EU weist italienische Vorwürfe zurück
16. August 2018EU-Haushaltskommissar Günther Oettinger hat Vorwürfe aus Italien wegen der Genua-Katastrophe zurückgewiesen. "Es ist sehr menschlich, einen Schuldigen zu suchen, wenn ein schreckliches Unglück wie in Genua passiert", schrieb der CDU-Politiker auf Twitter. "Trotzdem gut, sich die Fakten anzuschauen." In den vergangenen sieben Jahren habe Italien 2,5 Milliarden Euro an EU-Regionalhilfen für Straßen und Bahnen bekommen sowie zwölf Milliarden Euro aus dem EU-Investitionsprogramm. Darüber hinaus habe die EU italienische Investitionen in Höhe von 8,5 Milliarden Euro gebilligt.

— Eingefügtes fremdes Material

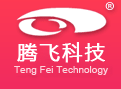 腾飞科技股份有限公司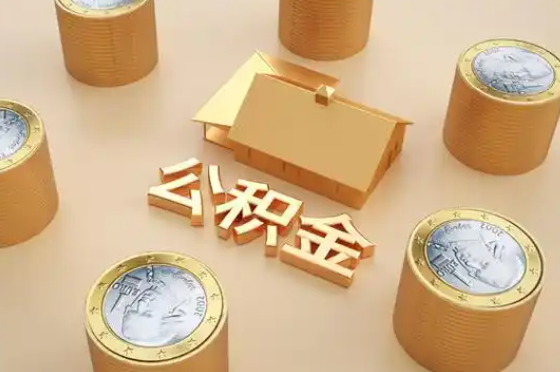 抚州退休公积金代办提取额度是多少？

Seine Gedanken seien nun vor allem bei den Opfern des Unglücks und deren Familien. "Es wird wichtig sein zu verstehen, was passiert ist, um eine weitere derartige Katastrophe zu vermeiden", schrieb Oettinger. "Ich vertraue darauf, dass die italienischen Behörden alle nötigen Maßnahmen ergreifen."

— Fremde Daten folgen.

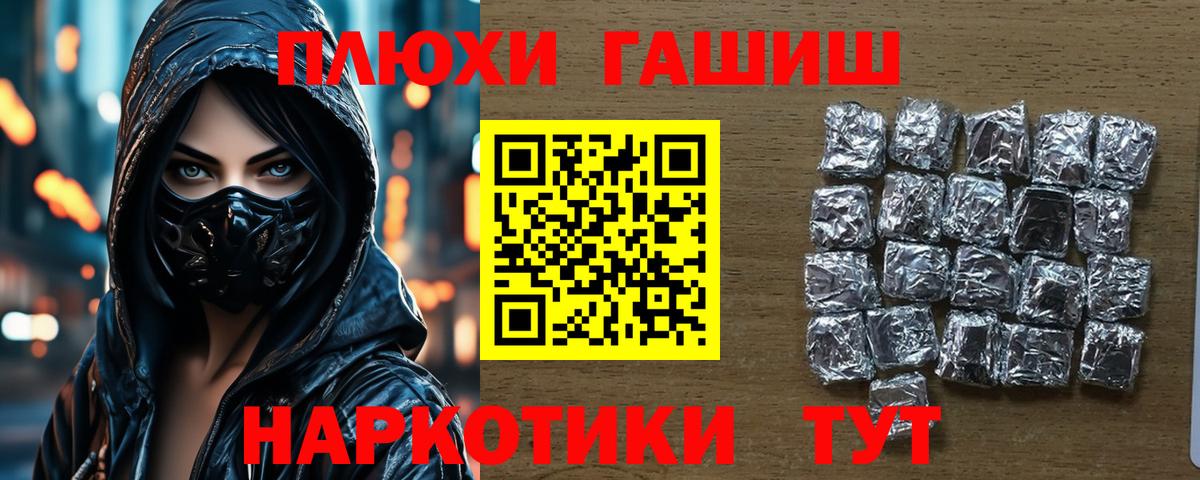 ГАШ убойный  Вход с VPN  ГАШ  Гашиш Ice-O-Lator  Приморско-Ахтарск 
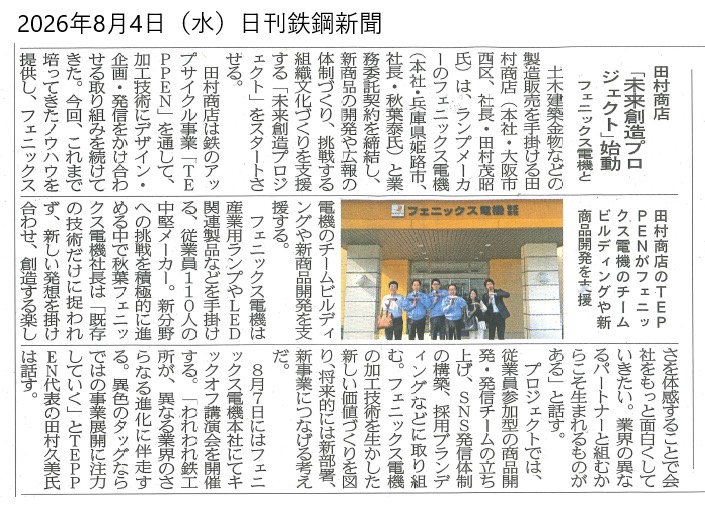 20260804日刊鉄鋼新聞掲載記事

Die eingestürzte Autobahnbrücke in Genua war zudem Teil eines europäischen Fernstraßennetzes und unterlag deshalb besonderen Prüf- und Sicherheitsauflagen der EU. Dies stellte ein Sprecher der EU-Kommission klar. Verantwortlich für die Umsetzung seien die italienischen Behörden. Die Brücke ist Teil des sogenannten TEN-T-Netzes, das schnelle Verbindungen innerhalb der ganzen EU sichern soll. Die besonderen Sicherheitsvorgaben sind in einem eigenen Regelwerk festgeschrieben.
"Die Sicherheit muss entsprechend den Vorgaben der EU-Richtlinie über ein Sicherheitsmanagement für die Straßenverkehrsinfrastruktur sichergestellt, überprüft und wenn nötig verbessert werden", betonte der Kommissionssprecher. Bei privatisierten Straßen sei der Betreiber zuständig. Auch der Sprecher wies eine Mitverantwortung der EU zurück. EU-Staaten könnten politische Prioritäten im Rahmen der geltenden Haushaltsregeln selbst festlegen, sagte der Sprecher.
Die Kommission reagierte damit auf den italienischen Innenminister Matteo Salvini. Der hatte nach dem Brückeneinsturz einen Zusammenhang mit den strengen europäischen Defizitregeln hergestellt. Die Verkehrssicherheit in Italien dürfe davon nicht beeinträchtigt werden, verlangte er.
Während eines Unwetters war am Dienstag ein etwa hundert Meter langer Abschnitt des vielbefahrenen Polcevera-Viadukts in Genua eingestürzt und hatte etliche Fahrzeuge in die Tiefe gerissen. Rund 40 Menschen kamen ums Leben.
Die Staatsanwaltschaft in Genua befürchtet, dass sich noch zahlreiche Vermisste unter den Trümmern befinden. "Es könnte noch zehn bis 20 vermisste Personen geben", sagte der leitende Staatsanwalt Francesco Cozzi in der italienischen Hafenstadt. Cozzi hatte am Mittwoch die Zahl der Todesopfer auf 42 beziffert, während die Präfektur 39 bestätigte.
Die Suche nach möglichen weiteren Opfern oder Überlebenden läuft unterdessen weiter. Unterstützt durch Bagger und Kräne suchen die Rettungskräfte nach Hohlräumen, in denen sich noch Vermisste befinden könnten. "Wir suchen immer noch nach Hohlräumen, in denen Menschen sein könnten - lebendig oder nicht", sagte Feuerwehrsprecher Emanuele Gissi. "Letzte Nacht hatten wir kein Glück, wir haben niemanden gefunden." Spezialisten arbeiteten daran, die Trümmer in große Betonblöcke zu zerschneiden und mit Kränen abzutragen, um Spürhunde in den Schutt schicken zu können.
Die Hoffnungen, zwei Tage nach der Katastrophe noch auf Überlebende zu stoßen, schwinden indes. Am Samstag soll in der Messehalle Fiera de Genova eine Trauerfeier für die Opfer abgehalten werden.